Tuesday, August 20, 2013

Journey of a Spender and a Saver: A Bumpy Ride


In the beginning of our relationship, my husband and I would have a big fight about money approximately once a year. It wasn’t that we were holding it in for a year, we would have little “discussions” about money often, but once a year there was a biggie. The first one was the orange juice (part I). The second big fight was over a pair of jeans that he bought in New York and we fought about all through Europe. My argument was that he wasted $20 because he bought the jeans with the intention of getting rid of them in a couple of weeks. His argument at the time, was that they were only $20.

The challenge was that our value of money scales were so different: The spender thinks that $5 is nothing and $20 is barely anything. Whereas the saver, keeps every penny, because it’s one cent closer to a roll of 50 and it all adds up.

Fast forward eight years, we’re driving out to the coast for our anniversary and I ask my husband to refresh my memory about this long lost fight.

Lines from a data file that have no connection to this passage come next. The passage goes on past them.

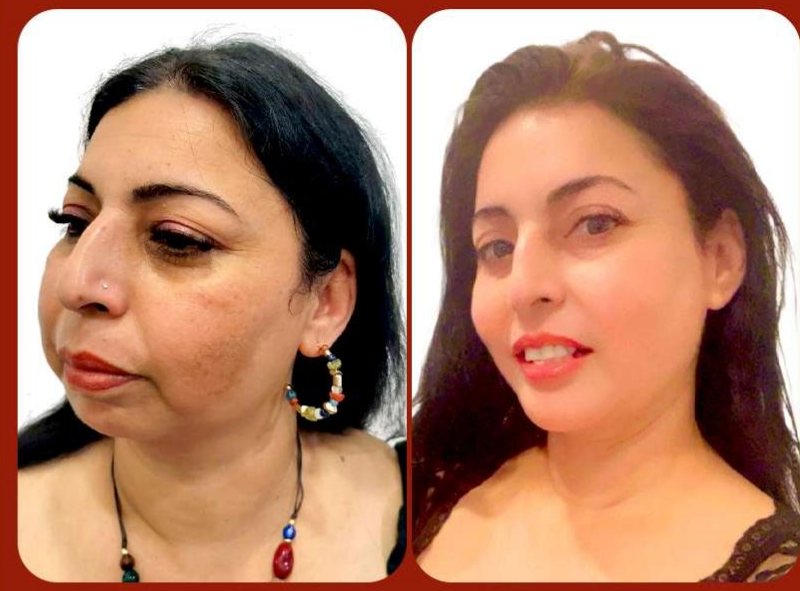 Before and after: Facial Rejuvenation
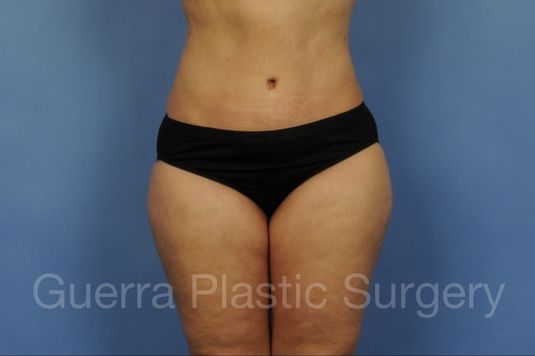 prev Case #3013 After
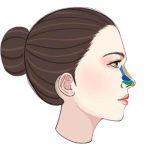 厦门第一医院殷佳鹏擅长什么？双眼皮|隆鼻|微整、技术好、学识扎实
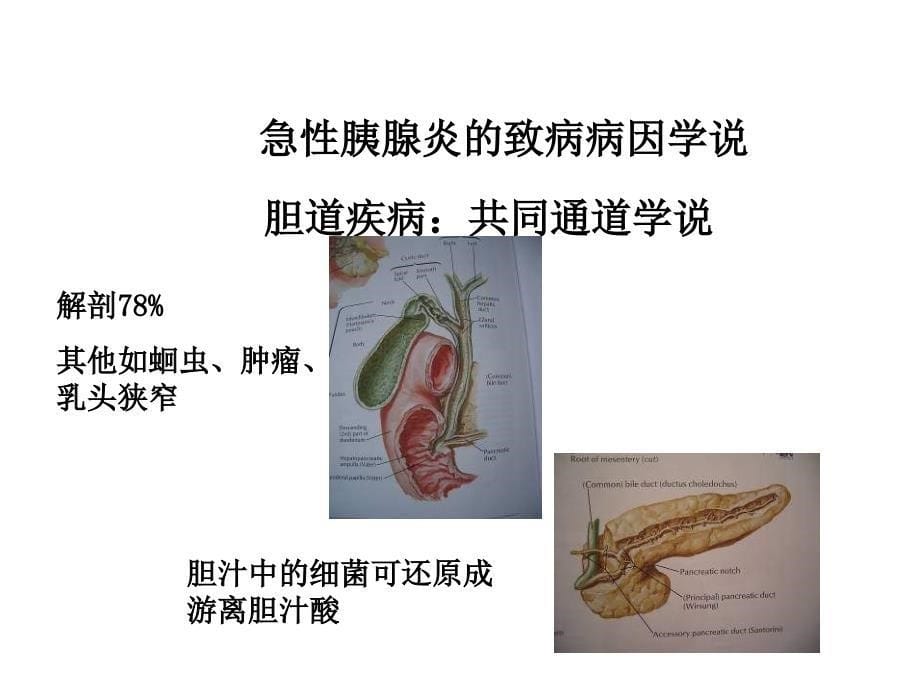 普外胰腺疾病ppt课件_第5页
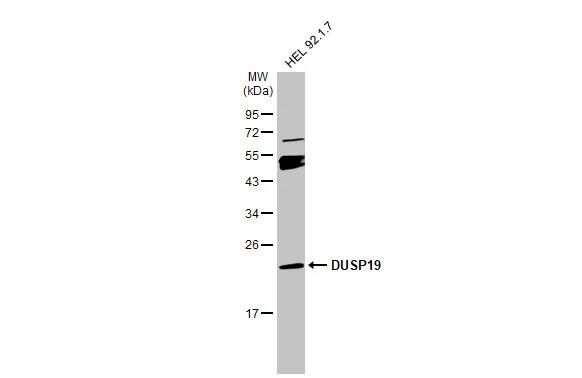 Western Blot: DUSP19 Antibody [NBP1-32399] - Whole cell extract (30 ug) was separated by 12% SDS-PAGE, and the membrane was blotted with DUSP19 antibody (NBP1-32399) diluted at 1:500. The HRP-conjugated anti-rabbit IgG antibody  was used to detect the primary antibody.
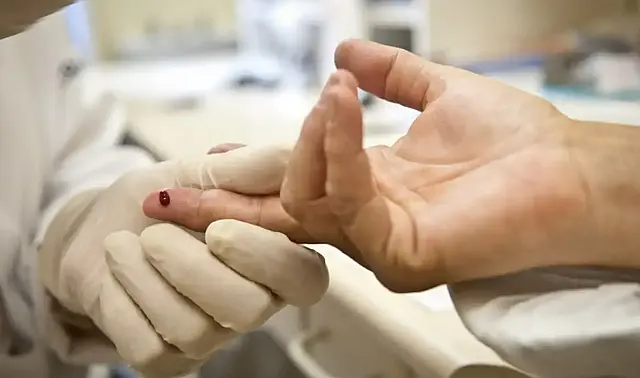 Casos de sífilis e de HIV/aids aumentam entre homens jovens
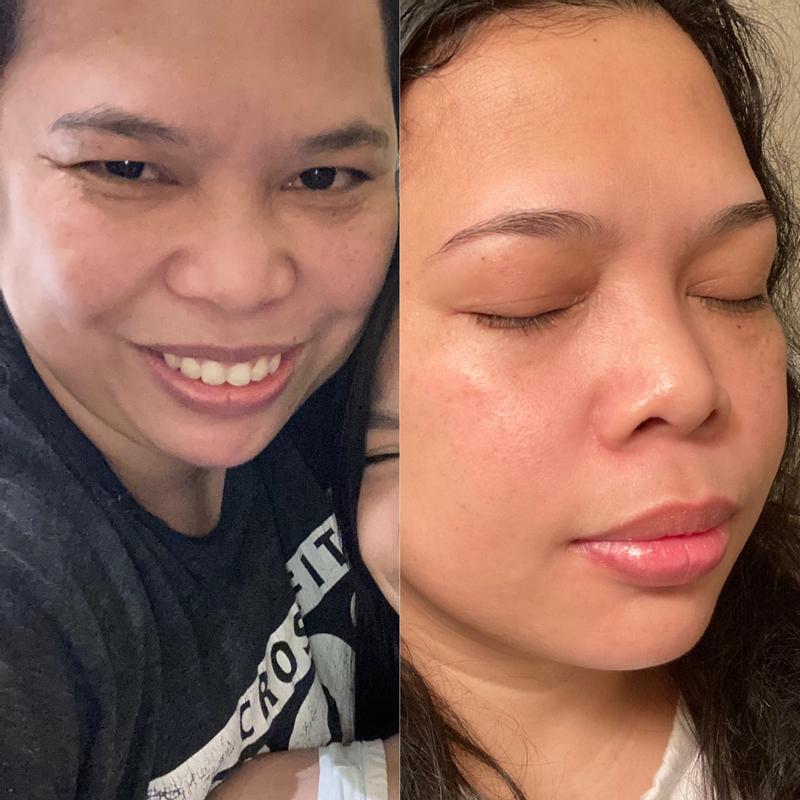 Before And After Retinol Serum corona.dothome.co.kr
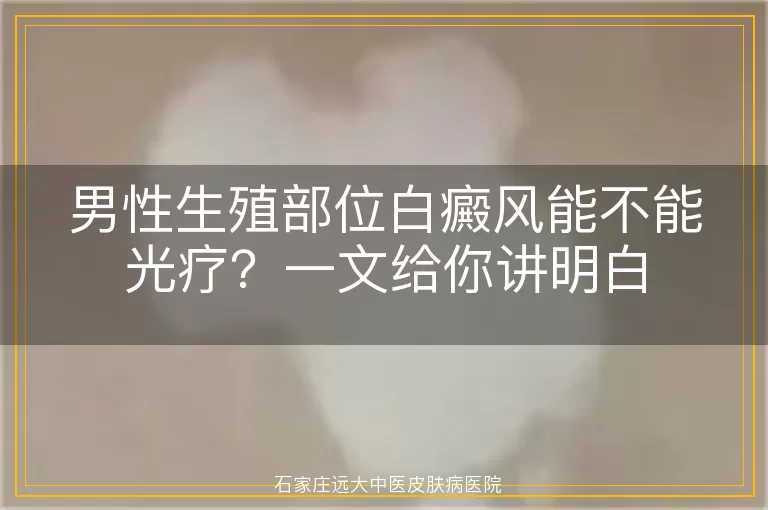 男性生殖部位白癜风能不能光疗？一文给你讲明白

He recaps defensively. I realize that something is still bothering him about that fight. He doesn’t talk to me for an hour. Fun times. Then after he’s had time to think back and sort his thoughts, the truth comes out...I wasn't ready for this one. 

He goes through all of the details again, along with the range of emotions that come when you’re angry, and finally lands on the real reason he’s mad – He thinks I’m a hypocrite! From his perspective, I was ragging on him for buying the disposable $20 jeans, when I bought a pair of leather boots that cost $127 (yep, he remembered) and the only time I wore them was on our trip. What he didn’t know was that when I bought them I planned on wearing them till they fell apart, but they ended up being horribly uncomfortable and made my toes go numb.

So, we talked about it for the rest of the ride… We now understand each other’s side of the story. And I’m embracing the fact that I’m a flip flop/barefoot girl and I accept that no matter how much I spend, the shoes aren’t going to be comfortable. So, I’m going to stop searching and save our money for something that we’ll both enjoy.

In short, these are the overarching lessons that we were reminded of:
  • No matter how long we’re together, it’s all about ongoing two-way communication.
  • While there may be some yelling, it’s best to talk it through sooner than later.
  • Compromise. Compromise. Compromise. On both sides.